I don’t get it. When I was a kid I remember summer as the time when I was up and out of the house every morning, cruising on my bike to my pal Mitchell’s house about 2/3 mile away, or, later, my friend Ivan’s house to get into some trouble or other (if one or the other of us wasn’t working). Sometimes they’d come over to my house and we’d spend the day building strange gizmos to take over the world, like when Ivan and I were obsessed with CB radios and jury-rigged car units with 110-12volt transformers so we could chat any time we wanted house-to-house, even though we lived about a mile apart.
I also remember tearing apart a telephone and figuring out how to hook it up to my stereo so that I had a serious speakerphone system. Of course, the people on the other end couldn’t hear me if I didn’t pick up the handset since I never could quite figure out the impedance mismatch of my Radio Shack microphone and the two wires coming out of the eviscerated green princess phone I’d dissected.
Summer, however, was a time to play, to do stuff and to get out and find things to do.
This summer really highlights how things seem to have changed, at least with my kids.

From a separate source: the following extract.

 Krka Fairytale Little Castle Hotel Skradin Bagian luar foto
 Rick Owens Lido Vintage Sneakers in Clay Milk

Now if I don’t come up with things for us to do, they seem to sink into sloth, expecting me to entertain them, engage them or at least let them spend (read “waste”) hours and hours on computer, video and even iPhone games.
By mutual consent, my ex and I are not enthused about our children being too absorbed in the world of digital media, whether it be a movie, video games or related. In fact, they’ve long since had their Nintendo DS units confiscated and put away after they were sneaking them under their pillows and playing for hours late at night instead of sleeping. Not a huge problem, except lack of sleep = cranky = tougher time for us parents.

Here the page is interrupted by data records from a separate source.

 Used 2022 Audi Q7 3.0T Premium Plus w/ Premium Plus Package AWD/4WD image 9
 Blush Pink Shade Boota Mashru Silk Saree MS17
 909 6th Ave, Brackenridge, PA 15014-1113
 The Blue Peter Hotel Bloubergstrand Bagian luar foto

During the school year we’re much more strict about no video games, no movies, no computer time, etc, partially because that’s an expectation set by our children being at a Waldorf school and partially because we really want them to focus on their studies and healthier and more creative outlets.
Summertime has expanded their horizons: Linda and I both have Nintendo Wii devices (which are amazingly fun and cool) but she finds that they’re more difficult with her after they’ve played so she’s just shut hers down completely. I have an agreement with the kids that they earn an hour/week of Wii time by doing chores and being cooperative, and that’s been working really well, to my relief. Heck, I enjoy watching them play too!

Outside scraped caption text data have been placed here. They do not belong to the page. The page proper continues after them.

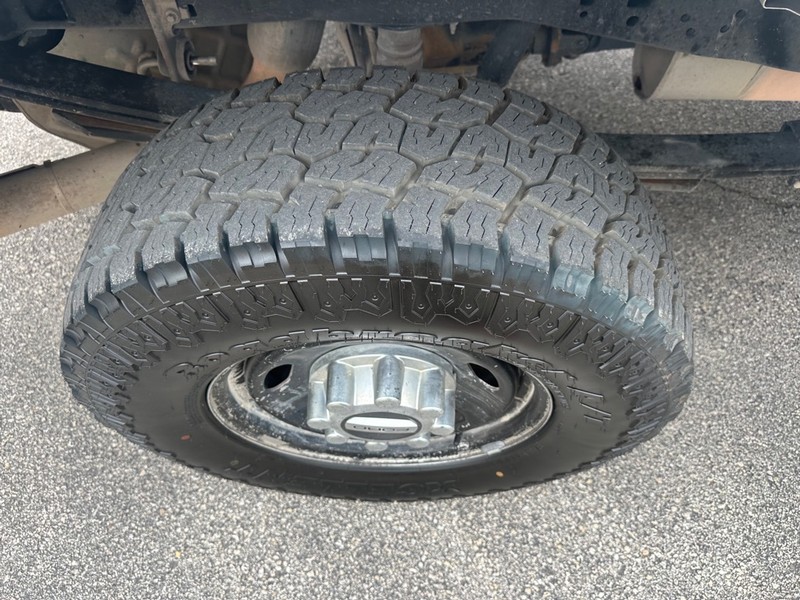Ford Super Duty F-250 SRW Vehicle Full-screen Gallery Image 7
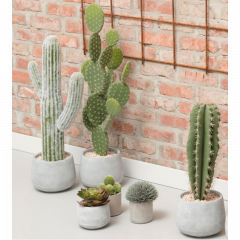 Cactus artificial in ghiveci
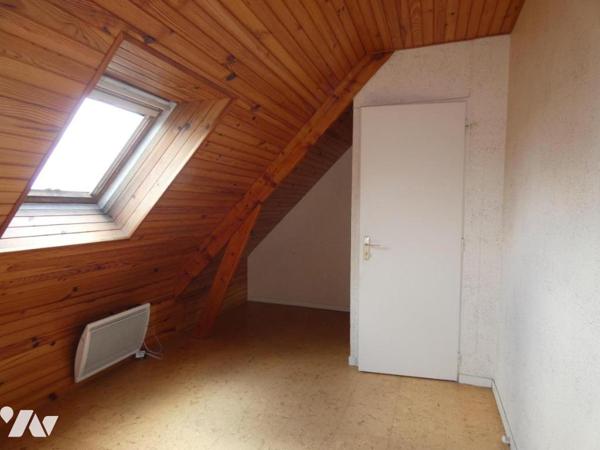CHATEAUNEUF DU FAOU- Maison sur grand terrain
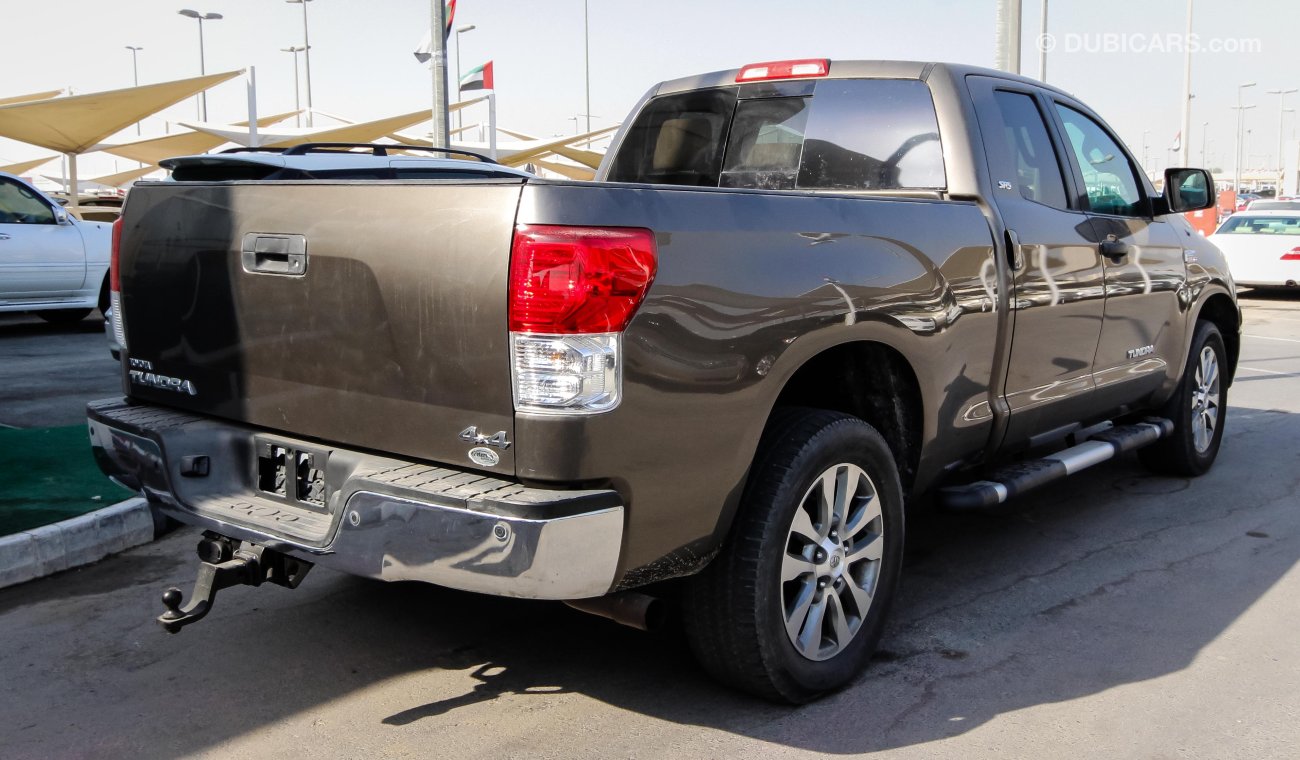 Toyota Tundra 5.7l V8 4X4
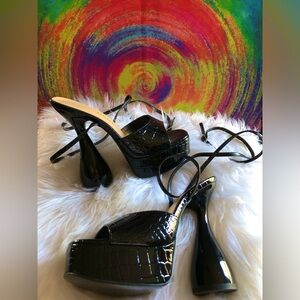 AZALEA WANG Size 8 Patten Leather Platform’s w/Coke Bottle Heels Long Straps!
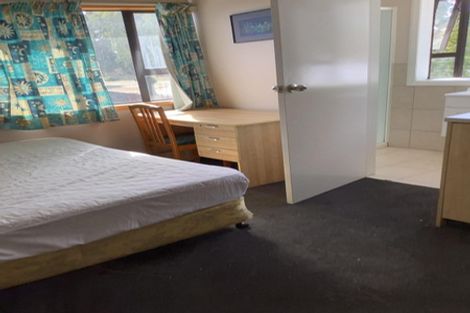 Photo of property in 50 Hooker Avenue, Bryndwr, Christchurch, 8053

Movies are definitely showing up too, and in fact A-, 12, and G-, 9, have now both as of the last week made it into a movie theater and seen their first movie: Ice Age: Dawn of the Dinosaurs, which they both enjoyed a great deal (read my review here: Review: “Ice Age 3: Dawn of the Dinosaurs”).
What’s puzzling me, and what makes me wonder if it’s just the result of us going from one household to two, is that when we’re not playing video games or watching movies or similar, my kids seem to have lost the desire to meet up with their buddies and do stuff that doesn’t involve Mom or Dad being the social director.
Of course, there are summer camps. Holy cow, there are summer camps. From specific sports to specific hobbies to just about everything else I can imagine, there are more ways to spend our money during the summer having the kids occupied than I could ever have imagined. But, man, is it expensive with three of ’em to enroll.
I never had this issue as a kid as far as I can recall.
So what’s the story? Are you finding your kids are less likely to meet up with friends on a frequent basis, and if so, what’s your theory about why that’s happening?
Me? I’m just trying not to go batty this summer!